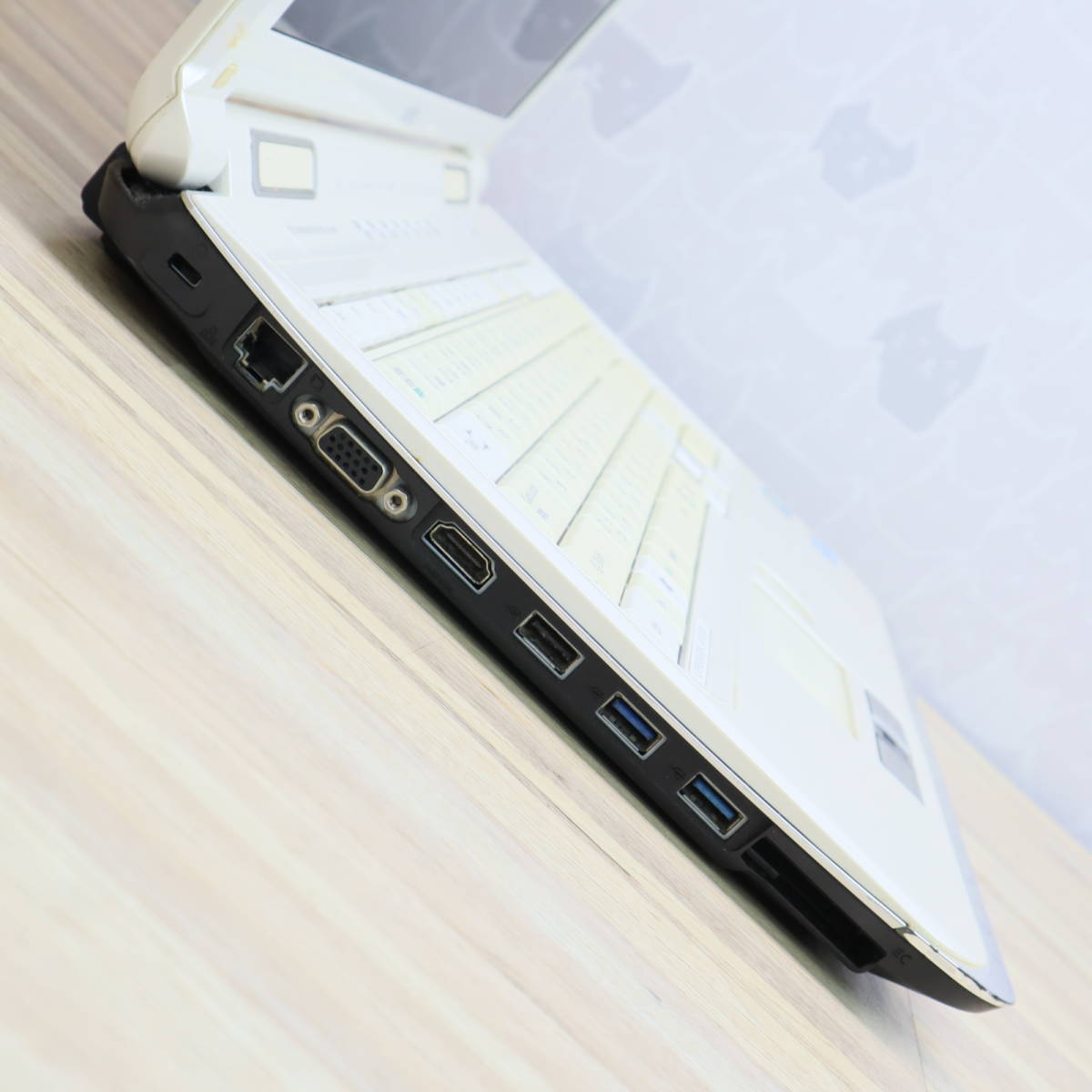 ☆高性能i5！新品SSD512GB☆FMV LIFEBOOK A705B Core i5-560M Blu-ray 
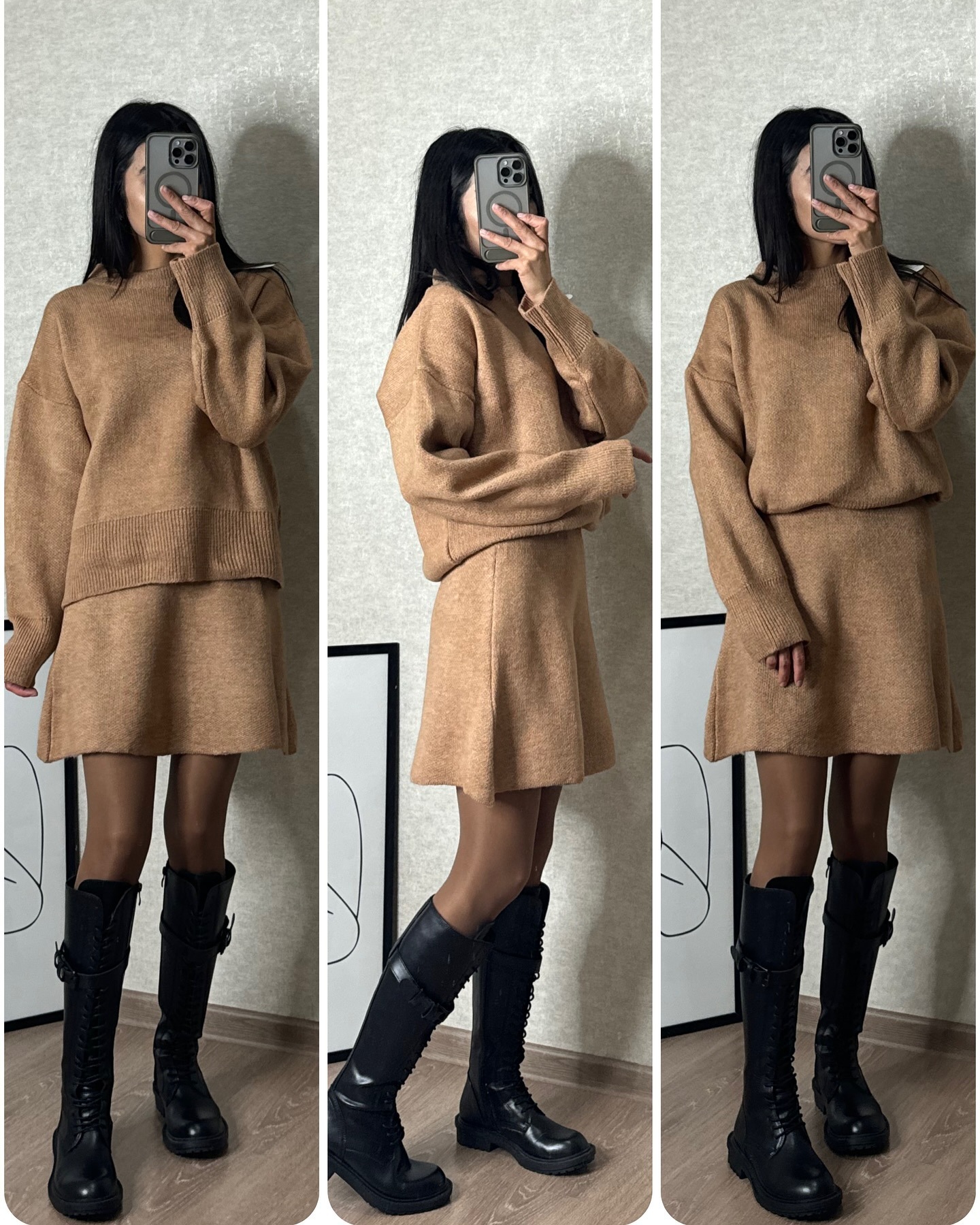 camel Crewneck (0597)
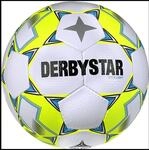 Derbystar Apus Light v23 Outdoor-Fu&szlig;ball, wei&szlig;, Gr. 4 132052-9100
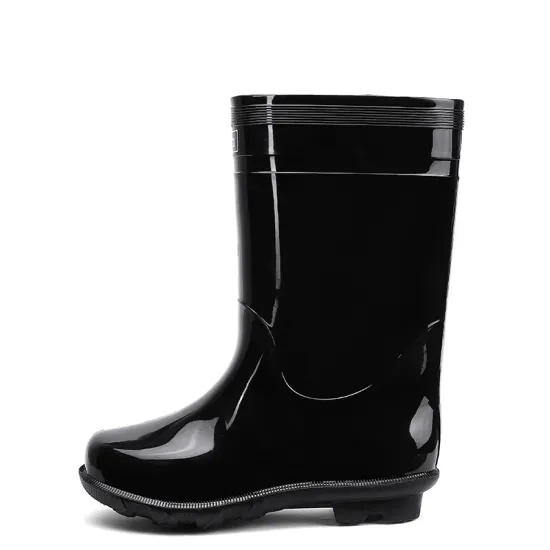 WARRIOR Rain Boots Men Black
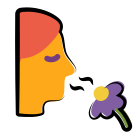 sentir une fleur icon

::::

» TASK ITEM: Above are records to transcribe exactly; leave their pictures out.

» COMPLETED EXERCISE:
 ☆高性能i5！新品SSD512GB☆FMV LIFEBOOK A705B Core i5-560M Blu-ray 
 camel Crewneck (0597)
 Derbystar Apus Light v23 Outdoor-Fu&szlig;ball, wei&szlig;, Gr. 4 132052-9100
 WARRIOR Rain Boots Men Black
 sentir une fleur icon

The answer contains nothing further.